Something sinister stirs in the palmetto woods surrounding her cabin, and secrets lurk among the three beguiling women who run the shelter and affectionately take Jamie under their wing for the summer. She hears the distant screams of monkeys each night; the staff perform cryptic, lakeside sacrifices to honor Atlas; and the land, which has long been abandoned by citrus farmers and theme park developers alike, now proves to be dangerously, relentlessly untamed.

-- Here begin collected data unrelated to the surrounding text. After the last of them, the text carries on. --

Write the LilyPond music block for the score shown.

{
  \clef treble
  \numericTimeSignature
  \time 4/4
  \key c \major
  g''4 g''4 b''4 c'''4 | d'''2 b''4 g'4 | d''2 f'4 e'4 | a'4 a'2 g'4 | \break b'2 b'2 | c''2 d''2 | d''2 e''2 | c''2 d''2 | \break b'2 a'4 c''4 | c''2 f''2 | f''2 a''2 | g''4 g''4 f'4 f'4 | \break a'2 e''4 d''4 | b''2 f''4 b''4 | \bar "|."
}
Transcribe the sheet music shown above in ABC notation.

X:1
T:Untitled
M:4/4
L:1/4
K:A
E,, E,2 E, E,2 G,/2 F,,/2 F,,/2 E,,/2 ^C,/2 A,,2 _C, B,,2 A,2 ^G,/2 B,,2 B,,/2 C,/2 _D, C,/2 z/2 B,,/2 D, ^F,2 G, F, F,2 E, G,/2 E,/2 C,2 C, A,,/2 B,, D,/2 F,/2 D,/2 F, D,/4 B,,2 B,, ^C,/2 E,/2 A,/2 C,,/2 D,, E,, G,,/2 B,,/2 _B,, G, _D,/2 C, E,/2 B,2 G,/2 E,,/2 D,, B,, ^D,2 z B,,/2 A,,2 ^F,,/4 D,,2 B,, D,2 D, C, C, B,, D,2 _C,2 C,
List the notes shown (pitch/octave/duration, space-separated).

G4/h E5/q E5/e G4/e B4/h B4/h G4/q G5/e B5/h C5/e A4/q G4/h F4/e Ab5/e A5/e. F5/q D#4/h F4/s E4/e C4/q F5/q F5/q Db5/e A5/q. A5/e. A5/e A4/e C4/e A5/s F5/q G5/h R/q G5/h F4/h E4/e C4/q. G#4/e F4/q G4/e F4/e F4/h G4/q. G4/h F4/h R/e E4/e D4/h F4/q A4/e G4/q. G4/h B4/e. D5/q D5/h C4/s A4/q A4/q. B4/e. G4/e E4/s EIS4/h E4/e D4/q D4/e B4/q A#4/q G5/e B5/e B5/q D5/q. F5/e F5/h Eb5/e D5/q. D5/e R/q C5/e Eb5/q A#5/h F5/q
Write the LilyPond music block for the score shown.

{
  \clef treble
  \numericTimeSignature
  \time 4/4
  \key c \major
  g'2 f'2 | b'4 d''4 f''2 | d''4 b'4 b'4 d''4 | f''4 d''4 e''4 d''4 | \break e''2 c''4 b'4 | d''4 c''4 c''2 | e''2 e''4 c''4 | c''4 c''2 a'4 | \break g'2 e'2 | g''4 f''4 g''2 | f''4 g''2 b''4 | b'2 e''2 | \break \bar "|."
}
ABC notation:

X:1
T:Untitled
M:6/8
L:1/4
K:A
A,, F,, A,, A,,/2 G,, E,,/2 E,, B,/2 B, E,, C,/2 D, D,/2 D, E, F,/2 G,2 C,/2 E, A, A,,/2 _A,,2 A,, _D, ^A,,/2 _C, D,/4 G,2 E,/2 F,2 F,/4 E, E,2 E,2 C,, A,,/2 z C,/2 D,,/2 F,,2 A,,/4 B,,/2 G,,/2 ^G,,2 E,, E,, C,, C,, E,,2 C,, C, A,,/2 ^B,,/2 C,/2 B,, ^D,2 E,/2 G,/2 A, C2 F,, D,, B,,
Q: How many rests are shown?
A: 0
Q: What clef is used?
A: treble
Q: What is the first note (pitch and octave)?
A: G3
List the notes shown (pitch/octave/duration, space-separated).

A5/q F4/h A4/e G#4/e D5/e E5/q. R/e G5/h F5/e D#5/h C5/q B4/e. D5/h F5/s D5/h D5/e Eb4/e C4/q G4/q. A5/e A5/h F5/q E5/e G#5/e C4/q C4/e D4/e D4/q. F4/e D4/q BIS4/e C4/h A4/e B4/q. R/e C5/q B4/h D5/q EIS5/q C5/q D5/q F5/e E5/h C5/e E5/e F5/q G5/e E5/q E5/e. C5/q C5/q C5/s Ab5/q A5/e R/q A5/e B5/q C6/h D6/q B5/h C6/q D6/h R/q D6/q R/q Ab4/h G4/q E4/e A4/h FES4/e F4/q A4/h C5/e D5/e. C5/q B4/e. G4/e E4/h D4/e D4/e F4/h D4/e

As Jamie ventures deeper into the offbeat world and rituals of Atlas, her summer is soon set to inspire an even stranger Florida headline than she ever could’ve imagined.
APPLE BOOKS REVIEW
Bizarre headlines about the destructive antics of “Florida Man” have become a staple of pop culture. This dark, funny novel offers a fresh take on the idea. After one bad drunken decision is caught on camera, twentysomething Florida waitress Jamie Hawthorne finds herself facing criminal charges. Luckily, it turns out she can serve her sentence doing community service…at an off-the-grid sanctuary for macaque monkeys. Debut author Deb Rogers gives us a hilariously madcap mystery full of unforgettable characters and poignant moments, as Jamie begins to suspect that something’s not quite right with her quirky co-volunteers. If you love mysteries with a side of mayhem, you’ll go (ahem) bananas for Florida Woman.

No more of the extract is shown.